#### STUDY MATERIAL:

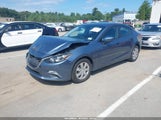 Mazda Mazda3 I Sport 3MZBM1U79FM150881 снимка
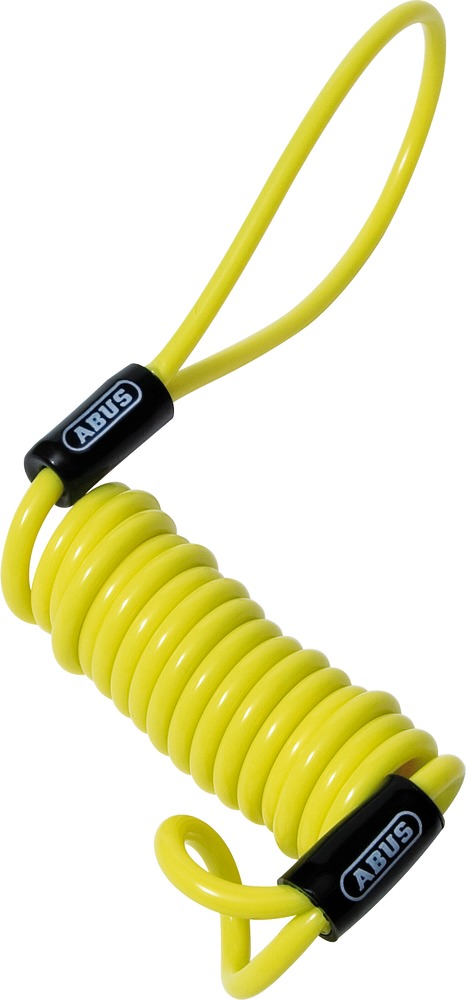 ABUS Memory cable - Låstillbehör - D252256 - 1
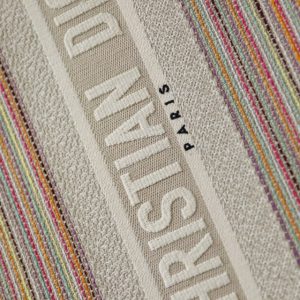 Diro Small Book Tote-36.5CM - Image 4
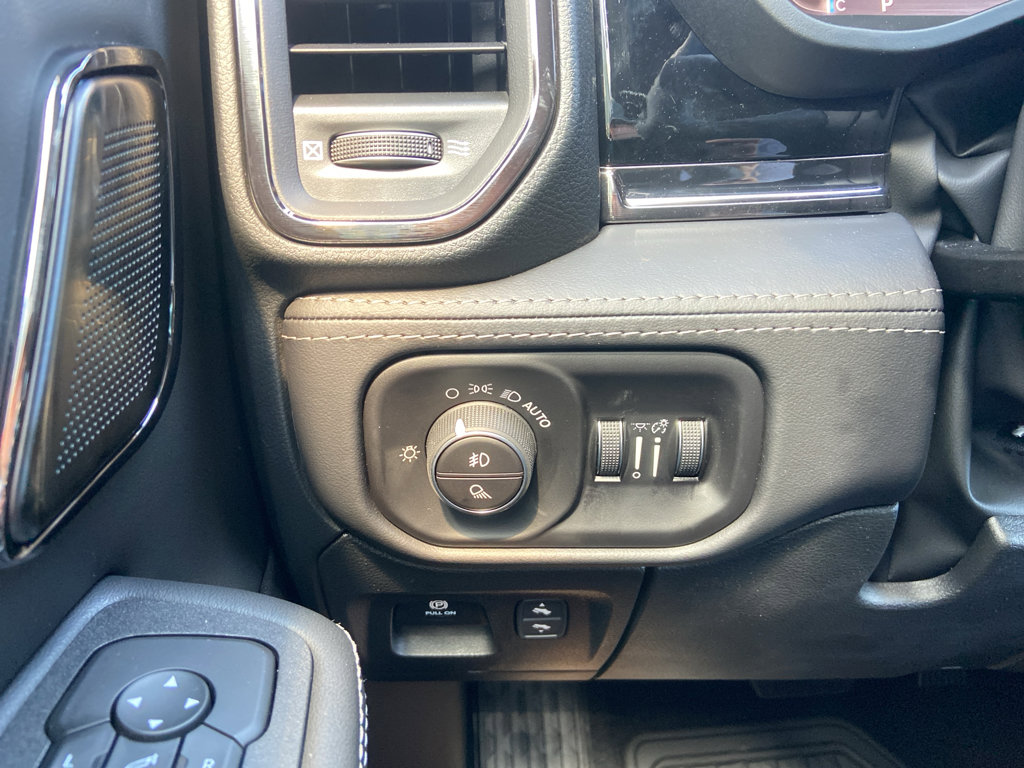 New 2026 RAM 1500 Limited image 18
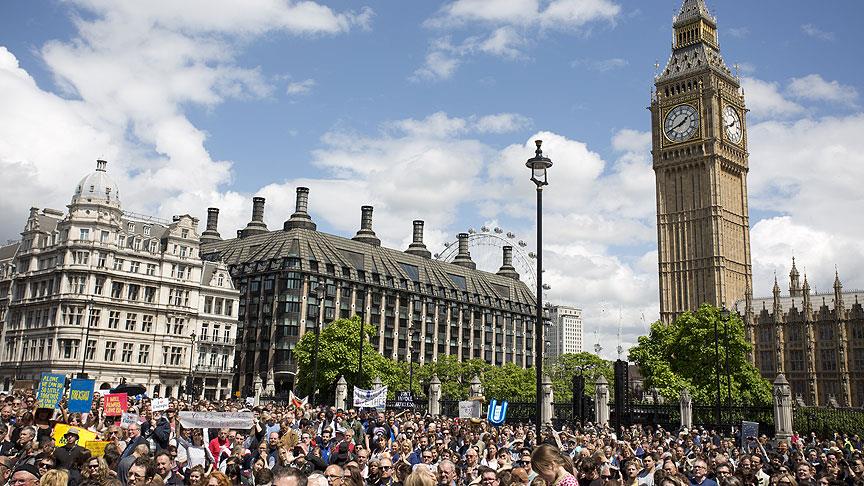  Brexit  kararı temyizde!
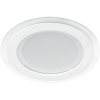 Светодиодный декор Arlight LT-R160WH 12W Day 120deg White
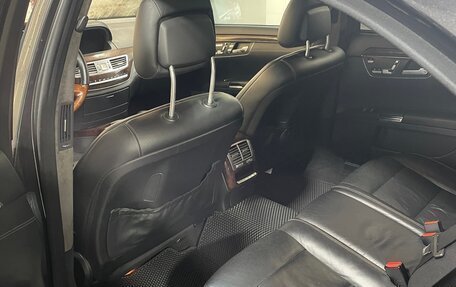 Mercedes-Benz S-Класс, 2011 год, 1 750 000 рублей, 9 фотография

#### PROMPT:
Return only the part above that opens with the line containing "ABUS Memory cable" and closes with the line containing "Светодиодный декор Arlight", exactly and with both ends, skipping the pictures.

#### EXERCISE ANSWER:
 ABUS Memory cable - Låstillbehör - D252256 - 1
 Diro Small Book Tote-36.5CM - Image 4
 New 2026 RAM 1500 Limited image 18
  Brexit  kararı temyizde!
 Светодиодный декор Arlight LT-R160WH 12W Day 120deg White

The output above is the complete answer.